Required action =>
Quote the whole listing exactly. Leave the pictures out of your copy.

Records =>

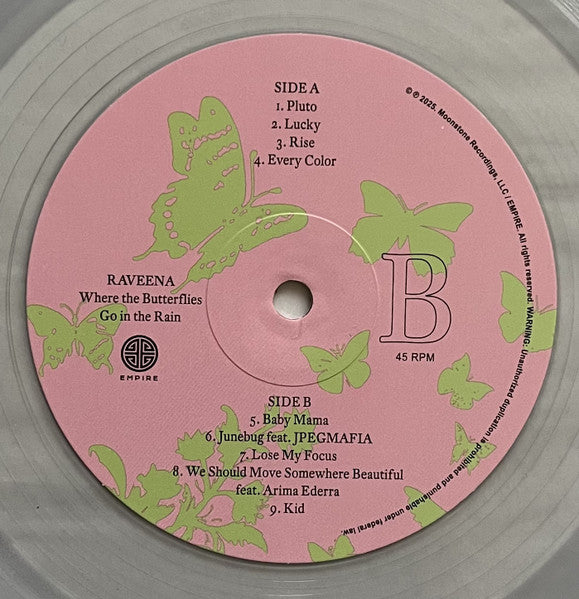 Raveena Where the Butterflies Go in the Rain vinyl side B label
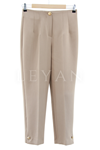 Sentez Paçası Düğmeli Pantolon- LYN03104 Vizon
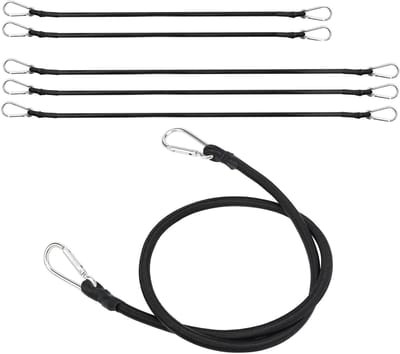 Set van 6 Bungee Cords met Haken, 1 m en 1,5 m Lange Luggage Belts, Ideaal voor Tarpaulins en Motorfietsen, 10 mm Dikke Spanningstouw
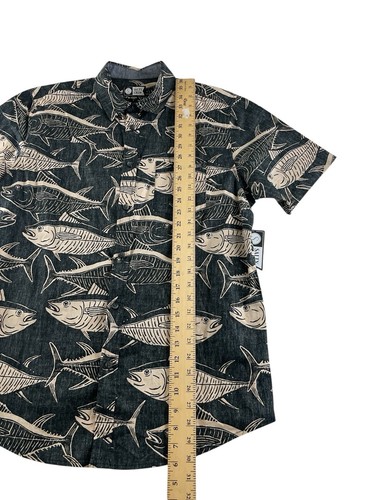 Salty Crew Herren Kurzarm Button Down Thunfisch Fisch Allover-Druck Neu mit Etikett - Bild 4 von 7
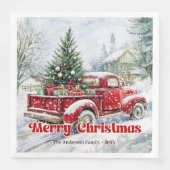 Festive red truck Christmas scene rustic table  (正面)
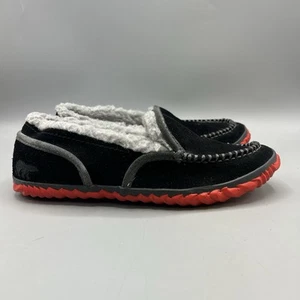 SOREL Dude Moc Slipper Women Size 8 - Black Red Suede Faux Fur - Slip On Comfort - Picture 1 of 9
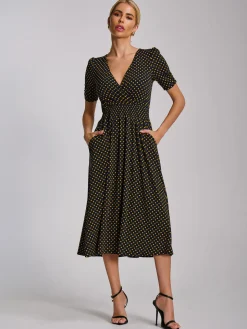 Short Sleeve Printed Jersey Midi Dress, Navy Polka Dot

Exercise answer =>
 Raveena Where the Butterflies Go in the Rain vinyl side B label
 Sentez Paçası Düğmeli Pantolon- LYN03104 Vizon
 Set van 6 Bungee Cords met Haken, 1 m en 1,5 m Lange Luggage Belts, Ideaal voor Tarpaulins en Motorfietsen, 10 mm Dikke Spanningstouw
 Salty Crew Herren Kurzarm Button Down Thunfisch Fisch Allover-Druck Neu mit Etikett - Bild 4 von 7
 Festive red truck Christmas scene rustic table  (正面)
 SOREL Dude Moc Slipper Women Size 8 - Black Red Suede Faux Fur - Slip On Comfort - Picture 1 of 9
 Short Sleeve Printed Jersey Midi Dress, Navy Polka Dot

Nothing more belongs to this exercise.